La señora mayor se duerme; yo leo Chesil Beach, de Ian McEwan, y oigo blues en mi Ipod. Entre leer y escuchar música siempre prefiero leer, con música de fondo, claro. Luego, ya en Madrid: la gente, la calle, los semáforos, el tráfico…y yo. Hay muchos carteles de Photoespaña. Me aburre mucho esa historia anual: la maldita y jodida manía de repetir año tras año lo mismo; y además sin apenas talentos con los que contentarse.
Primero paré ante un nuevo Centro Cultural y fotografié, por fuera. Me gustó mucho el edificio. Es una gran obra de arquitectura de Herzog y De Meuron: suizos. No conozco a ningún suizo. Estos arquitectos son geniales y han creado una obra brillante. Este ingrávido y bellísimo edificio, es una clara muestra de su preocupación por la «percepción sensual» del individuo. Otro día visitaré el interior (supongo, si me dan ganas).
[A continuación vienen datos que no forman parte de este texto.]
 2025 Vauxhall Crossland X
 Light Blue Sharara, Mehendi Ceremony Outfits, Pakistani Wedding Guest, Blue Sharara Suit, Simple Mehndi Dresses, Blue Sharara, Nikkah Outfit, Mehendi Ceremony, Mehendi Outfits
Vi la exposición, sin pretenderlo, muy cerca de una mujer sola; de mediana estatura, delgada, bien vestida y con aspecto interesante. Creo que nos acostumbramos a ir cerca el uno del otro desde la primera sala; procurábamos acercarnos, nos mirábamos disimuladamente de vez en cuando, y si nos alejábamos un poco nos esperábamos. Resultaba excitante. No nos hablábamos, ¿para qué? todo habría resultado muy complicado, supongo. Estábamos en un Museo, ni siquiera era un bar de copas, al calor de la noche. Allí, a mi, sólo me interesaba el discreto juego del deseo imposible. A ella no lo sé.
Sigo con lo mío. Me impresionaron las inacabables explanadas, a distintos niveles, pavimentadas con losas de frío granito. Por un lado, al este, el horizonte montañoso de la sierra madrileña; al oeste, lo que llaman la basílica, que se adentra en el monte de piedras que resbala hasta las explanadas y trepa hacia la alta cruz en cuya base hay cuatro esculturas gigantescas (no se podía subir, lo que me contrarió mucho). Al norte y sur más sierras. Comencé a explorar lentamente con mirada fotográfica (diferente de las otras). Las dimensiones agigantadas de todo lo que me rodeaba, tanto de las explanadas como de las arcadas que se extendían en planos curvos y ángulos rectos, a un lado y a otro de la gran puerta central, me resultaban fotográficamente muy estimulantes. Comencé a utilizar la cámara con ganas (y con frío).